Exercise goal | From the listing below, copy only the lines running from the line that contains "Süit, 1 En Büyük" to the line that contains "Garden Market Tote Bag", both included.

Data for this task |
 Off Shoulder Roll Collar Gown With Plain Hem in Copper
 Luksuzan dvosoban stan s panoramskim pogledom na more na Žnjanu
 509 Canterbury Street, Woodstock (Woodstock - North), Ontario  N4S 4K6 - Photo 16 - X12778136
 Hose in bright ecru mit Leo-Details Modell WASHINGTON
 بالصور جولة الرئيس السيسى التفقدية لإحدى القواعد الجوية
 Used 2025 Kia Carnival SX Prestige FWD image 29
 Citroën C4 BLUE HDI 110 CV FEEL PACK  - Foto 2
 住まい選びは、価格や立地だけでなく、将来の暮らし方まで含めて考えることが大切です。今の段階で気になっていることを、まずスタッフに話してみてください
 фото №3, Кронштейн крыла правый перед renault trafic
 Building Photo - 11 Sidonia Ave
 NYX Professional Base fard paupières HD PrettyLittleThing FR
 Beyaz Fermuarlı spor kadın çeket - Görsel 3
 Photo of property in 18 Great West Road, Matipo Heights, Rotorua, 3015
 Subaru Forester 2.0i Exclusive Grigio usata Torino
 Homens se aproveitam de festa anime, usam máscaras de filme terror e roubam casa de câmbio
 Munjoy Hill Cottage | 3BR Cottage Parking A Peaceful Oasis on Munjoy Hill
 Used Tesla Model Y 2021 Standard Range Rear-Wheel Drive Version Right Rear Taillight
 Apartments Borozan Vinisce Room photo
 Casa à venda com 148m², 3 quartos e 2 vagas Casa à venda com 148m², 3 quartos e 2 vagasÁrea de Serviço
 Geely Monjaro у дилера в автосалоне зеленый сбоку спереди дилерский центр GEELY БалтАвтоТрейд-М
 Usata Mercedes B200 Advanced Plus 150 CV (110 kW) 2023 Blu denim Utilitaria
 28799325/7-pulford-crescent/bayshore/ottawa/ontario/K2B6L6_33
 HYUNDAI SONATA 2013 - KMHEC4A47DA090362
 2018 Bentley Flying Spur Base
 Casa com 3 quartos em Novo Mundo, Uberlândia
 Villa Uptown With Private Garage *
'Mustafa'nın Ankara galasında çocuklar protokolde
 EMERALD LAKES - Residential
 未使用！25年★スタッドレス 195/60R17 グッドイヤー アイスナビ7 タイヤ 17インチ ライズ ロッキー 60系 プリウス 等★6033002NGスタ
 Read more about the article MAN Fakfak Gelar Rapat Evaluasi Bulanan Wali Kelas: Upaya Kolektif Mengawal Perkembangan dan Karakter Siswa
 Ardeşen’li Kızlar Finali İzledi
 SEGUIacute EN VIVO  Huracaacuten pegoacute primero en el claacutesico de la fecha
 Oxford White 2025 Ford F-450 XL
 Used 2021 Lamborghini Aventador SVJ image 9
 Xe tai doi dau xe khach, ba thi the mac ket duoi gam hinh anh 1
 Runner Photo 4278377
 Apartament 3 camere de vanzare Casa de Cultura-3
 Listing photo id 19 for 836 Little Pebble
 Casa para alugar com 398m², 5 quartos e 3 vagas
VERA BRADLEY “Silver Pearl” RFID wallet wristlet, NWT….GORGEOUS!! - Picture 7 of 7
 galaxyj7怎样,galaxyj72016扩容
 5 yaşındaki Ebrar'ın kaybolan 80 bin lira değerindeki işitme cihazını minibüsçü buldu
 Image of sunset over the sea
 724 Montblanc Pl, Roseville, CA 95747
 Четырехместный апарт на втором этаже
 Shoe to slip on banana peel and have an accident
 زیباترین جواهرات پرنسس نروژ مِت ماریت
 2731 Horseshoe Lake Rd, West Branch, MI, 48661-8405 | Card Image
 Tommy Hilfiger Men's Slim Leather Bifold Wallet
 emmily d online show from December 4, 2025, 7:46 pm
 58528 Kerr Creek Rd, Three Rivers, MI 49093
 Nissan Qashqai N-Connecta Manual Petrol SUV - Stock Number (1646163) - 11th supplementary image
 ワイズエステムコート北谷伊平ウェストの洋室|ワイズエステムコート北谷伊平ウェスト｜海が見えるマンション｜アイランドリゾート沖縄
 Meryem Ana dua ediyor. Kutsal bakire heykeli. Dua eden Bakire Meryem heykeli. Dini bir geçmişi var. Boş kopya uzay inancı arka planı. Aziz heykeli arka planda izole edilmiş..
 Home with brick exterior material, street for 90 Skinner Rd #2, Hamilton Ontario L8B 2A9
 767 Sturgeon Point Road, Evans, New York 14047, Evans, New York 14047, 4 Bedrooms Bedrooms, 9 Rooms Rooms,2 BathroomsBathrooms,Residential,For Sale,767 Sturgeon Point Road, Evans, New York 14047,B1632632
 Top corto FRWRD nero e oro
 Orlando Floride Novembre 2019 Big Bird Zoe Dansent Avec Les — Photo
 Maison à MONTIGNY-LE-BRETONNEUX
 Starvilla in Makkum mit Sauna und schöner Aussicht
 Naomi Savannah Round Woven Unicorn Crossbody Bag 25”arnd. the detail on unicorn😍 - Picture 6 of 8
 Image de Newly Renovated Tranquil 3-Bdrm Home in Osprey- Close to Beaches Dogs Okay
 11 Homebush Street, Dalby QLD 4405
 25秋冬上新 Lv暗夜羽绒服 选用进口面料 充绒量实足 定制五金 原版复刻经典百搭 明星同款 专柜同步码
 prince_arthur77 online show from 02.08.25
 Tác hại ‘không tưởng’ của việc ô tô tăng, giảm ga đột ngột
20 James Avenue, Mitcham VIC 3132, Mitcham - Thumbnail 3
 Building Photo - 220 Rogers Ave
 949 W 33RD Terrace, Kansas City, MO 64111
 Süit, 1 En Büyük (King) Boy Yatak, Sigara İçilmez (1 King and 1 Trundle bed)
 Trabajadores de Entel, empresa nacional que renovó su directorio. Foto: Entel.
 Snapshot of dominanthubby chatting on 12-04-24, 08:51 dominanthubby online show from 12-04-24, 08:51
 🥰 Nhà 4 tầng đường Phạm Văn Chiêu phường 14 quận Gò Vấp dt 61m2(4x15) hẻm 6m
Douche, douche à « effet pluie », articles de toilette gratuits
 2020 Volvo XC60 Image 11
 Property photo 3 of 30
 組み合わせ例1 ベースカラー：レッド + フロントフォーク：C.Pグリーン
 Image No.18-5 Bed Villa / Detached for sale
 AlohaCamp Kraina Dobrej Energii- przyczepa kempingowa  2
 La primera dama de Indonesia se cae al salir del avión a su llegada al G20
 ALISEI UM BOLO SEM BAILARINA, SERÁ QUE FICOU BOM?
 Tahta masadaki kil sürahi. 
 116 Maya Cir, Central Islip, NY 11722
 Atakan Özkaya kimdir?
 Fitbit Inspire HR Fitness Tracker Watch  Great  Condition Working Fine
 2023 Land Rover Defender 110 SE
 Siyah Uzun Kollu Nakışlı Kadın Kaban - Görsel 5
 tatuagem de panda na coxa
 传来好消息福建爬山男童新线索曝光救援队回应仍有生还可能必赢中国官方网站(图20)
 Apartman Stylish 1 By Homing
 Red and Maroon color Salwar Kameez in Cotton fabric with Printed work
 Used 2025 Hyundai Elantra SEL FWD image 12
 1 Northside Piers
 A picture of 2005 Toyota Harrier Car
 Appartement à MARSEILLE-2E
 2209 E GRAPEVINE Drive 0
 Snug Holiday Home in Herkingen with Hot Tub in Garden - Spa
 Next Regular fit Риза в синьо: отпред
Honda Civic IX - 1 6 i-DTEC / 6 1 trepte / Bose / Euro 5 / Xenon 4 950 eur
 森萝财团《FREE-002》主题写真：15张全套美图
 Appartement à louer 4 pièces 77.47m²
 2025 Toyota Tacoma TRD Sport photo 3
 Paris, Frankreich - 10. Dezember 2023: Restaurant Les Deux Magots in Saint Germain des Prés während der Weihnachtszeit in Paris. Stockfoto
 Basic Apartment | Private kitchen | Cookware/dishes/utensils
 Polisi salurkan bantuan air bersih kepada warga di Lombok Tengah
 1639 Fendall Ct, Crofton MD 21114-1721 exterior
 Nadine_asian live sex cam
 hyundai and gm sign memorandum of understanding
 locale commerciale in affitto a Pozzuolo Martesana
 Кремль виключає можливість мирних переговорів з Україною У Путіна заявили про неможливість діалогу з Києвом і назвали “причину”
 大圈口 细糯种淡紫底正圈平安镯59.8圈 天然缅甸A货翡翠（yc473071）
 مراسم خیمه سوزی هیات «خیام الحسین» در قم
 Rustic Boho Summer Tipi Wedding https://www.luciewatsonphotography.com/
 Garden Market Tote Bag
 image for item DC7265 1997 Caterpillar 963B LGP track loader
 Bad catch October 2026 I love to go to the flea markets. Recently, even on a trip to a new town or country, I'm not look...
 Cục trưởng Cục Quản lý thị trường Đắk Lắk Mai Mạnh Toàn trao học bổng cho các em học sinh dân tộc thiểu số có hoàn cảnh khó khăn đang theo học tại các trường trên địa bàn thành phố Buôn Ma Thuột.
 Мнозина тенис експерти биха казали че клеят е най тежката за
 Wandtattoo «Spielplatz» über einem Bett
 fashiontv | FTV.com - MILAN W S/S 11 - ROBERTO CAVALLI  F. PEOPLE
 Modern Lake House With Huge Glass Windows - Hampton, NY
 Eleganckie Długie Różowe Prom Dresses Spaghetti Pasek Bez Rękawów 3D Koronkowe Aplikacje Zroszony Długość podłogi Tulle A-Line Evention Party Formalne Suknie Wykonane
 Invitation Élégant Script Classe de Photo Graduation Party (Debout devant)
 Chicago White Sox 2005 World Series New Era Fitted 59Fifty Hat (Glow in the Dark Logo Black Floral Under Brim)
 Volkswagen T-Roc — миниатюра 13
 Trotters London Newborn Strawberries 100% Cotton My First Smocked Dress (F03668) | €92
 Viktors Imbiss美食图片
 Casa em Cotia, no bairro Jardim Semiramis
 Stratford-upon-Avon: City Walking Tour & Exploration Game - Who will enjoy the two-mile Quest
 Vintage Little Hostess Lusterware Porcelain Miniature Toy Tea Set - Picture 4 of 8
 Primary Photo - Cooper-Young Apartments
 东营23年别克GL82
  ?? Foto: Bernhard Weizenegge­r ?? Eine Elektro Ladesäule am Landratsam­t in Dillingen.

Answer space |
 Süit, 1 En Büyük (King) Boy Yatak, Sigara İçilmez (1 King and 1 Trundle bed)
 Trabajadores de Entel, empresa nacional que renovó su directorio. Foto: Entel.
 Snapshot of dominanthubby chatting on 12-04-24, 08:51 dominanthubby online show from 12-04-24, 08:51
 🥰 Nhà 4 tầng đường Phạm Văn Chiêu phường 14 quận Gò Vấp dt 61m2(4x15) hẻm 6m
Douche, douche à « effet pluie », articles de toilette gratuits
 2020 Volvo XC60 Image 11
 Property photo 3 of 30
 組み合わせ例1 ベースカラー：レッド + フロントフォーク：C.Pグリーン
 Image No.18-5 Bed Villa / Detached for sale
 AlohaCamp Kraina Dobrej Energii- przyczepa kempingowa  2
 La primera dama de Indonesia se cae al salir del avión a su llegada al G20
 ALISEI UM BOLO SEM BAILARINA, SERÁ QUE FICOU BOM?
 Tahta masadaki kil sürahi. 
 116 Maya Cir, Central Islip, NY 11722
 Atakan Özkaya kimdir?
 Fitbit Inspire HR Fitness Tracker Watch  Great  Condition Working Fine
 2023 Land Rover Defender 110 SE
 Siyah Uzun Kollu Nakışlı Kadın Kaban - Görsel 5
 tatuagem de panda na coxa
 传来好消息福建爬山男童新线索曝光救援队回应仍有生还可能必赢中国官方网站(图20)
 Apartman Stylish 1 By Homing
 Red and Maroon color Salwar Kameez in Cotton fabric with Printed work
 Used 2025 Hyundai Elantra SEL FWD image 12
 1 Northside Piers
 A picture of 2005 Toyota Harrier Car
 Appartement à MARSEILLE-2E
 2209 E GRAPEVINE Drive 0
 Snug Holiday Home in Herkingen with Hot Tub in Garden - Spa
 Next Regular fit Риза в синьо: отпред
Honda Civic IX - 1 6 i-DTEC / 6 1 trepte / Bose / Euro 5 / Xenon 4 950 eur
 森萝财团《FREE-002》主题写真：15张全套美图
 Appartement à louer 4 pièces 77.47m²
 2025 Toyota Tacoma TRD Sport photo 3
 Paris, Frankreich - 10. Dezember 2023: Restaurant Les Deux Magots in Saint Germain des Prés während der Weihnachtszeit in Paris. Stockfoto
 Basic Apartment | Private kitchen | Cookware/dishes/utensils
 Polisi salurkan bantuan air bersih kepada warga di Lombok Tengah
 1639 Fendall Ct, Crofton MD 21114-1721 exterior
 Nadine_asian live sex cam
 hyundai and gm sign memorandum of understanding
 locale commerciale in affitto a Pozzuolo Martesana
 Кремль виключає можливість мирних переговорів з Україною У Путіна заявили про неможливість діалогу з Києвом і назвали “причину”
 大圈口 细糯种淡紫底正圈平安镯59.8圈 天然缅甸A货翡翠（yc473071）
 مراسم خیمه سوزی هیات «خیام الحسین» در قم
 Rustic Boho Summer Tipi Wedding https://www.luciewatsonphotography.com/
 Garden Market Tote Bag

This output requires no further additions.